人形さながらに、いつも同じ表情で、それでも瞳は澄んだまま、ただ真っ直ぐに、ネジを映しているだけ。そう、ヒナタからすべてを奪ったのは、他でもない。誰よりも、彼女を愛していたはずの、ネジ本人だった。
それは紫陽花が咲く季節の、霧雨の夜のことだった。強く、強く想い焦がれるあまり、無垢な彼女を蹂躙して、強引に手に入れた。
ネジにはどうすることもできなかった。
春も、夏も、秋も、冬も。気の遠くなるような時間、ずっと、ずっと想い続けてきた。
欲しくて欲しくてたまらなかった――禁忌ともいえる感情を抱き続けてきた――そんな相手がくれた言葉と、そしてその涙が、ネジの心を滅茶苦茶に掻き乱し、さらには壊してしまったのだから。
――あなたになら、何をされたっていい。
――あなたを救えるのならば、何でもいたします。
そんなふうに言われて、昂る情動を、抑えきれるわけがなかった。
理性を捨ててしまえば、そこから転がり落ちるのは、あっという間で――。それからヒナタの中で、もう、何度果てたか分からない。しかし。

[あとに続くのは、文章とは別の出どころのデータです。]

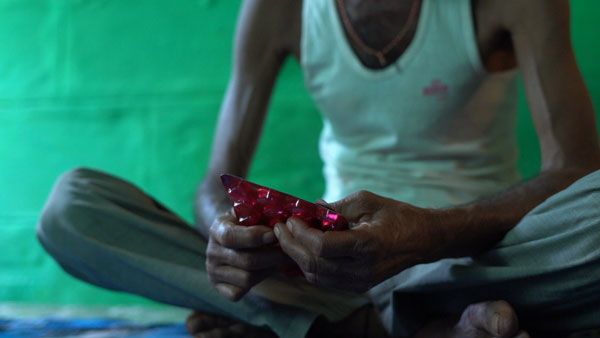 ಟಿಬಿ ಪ್ರಕರಣಗಳು ಹೆಚ್ಚಳ: ಭಾರತದಲ್ಲಿ ಮತ್ತೆ ಟಿಬಿ ಮಾರಣಾಂತಿಕ ಕಾಯಿಲೆಯೇ?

どんなに長くあたため合っても、どんなに深く繋がっても、心を重ねて慈しみ合ったことは、一度としてなかった。
こんなにも傍にいるのに、冷たくて、寒くて、もはや、痛みすら覚えるほどだった。
*
夜露に濡れた窓に、いびつな月が、おぼろげに映し出されている。
束の間の休暇を得たネジは、自宅でひとり眠りについていた。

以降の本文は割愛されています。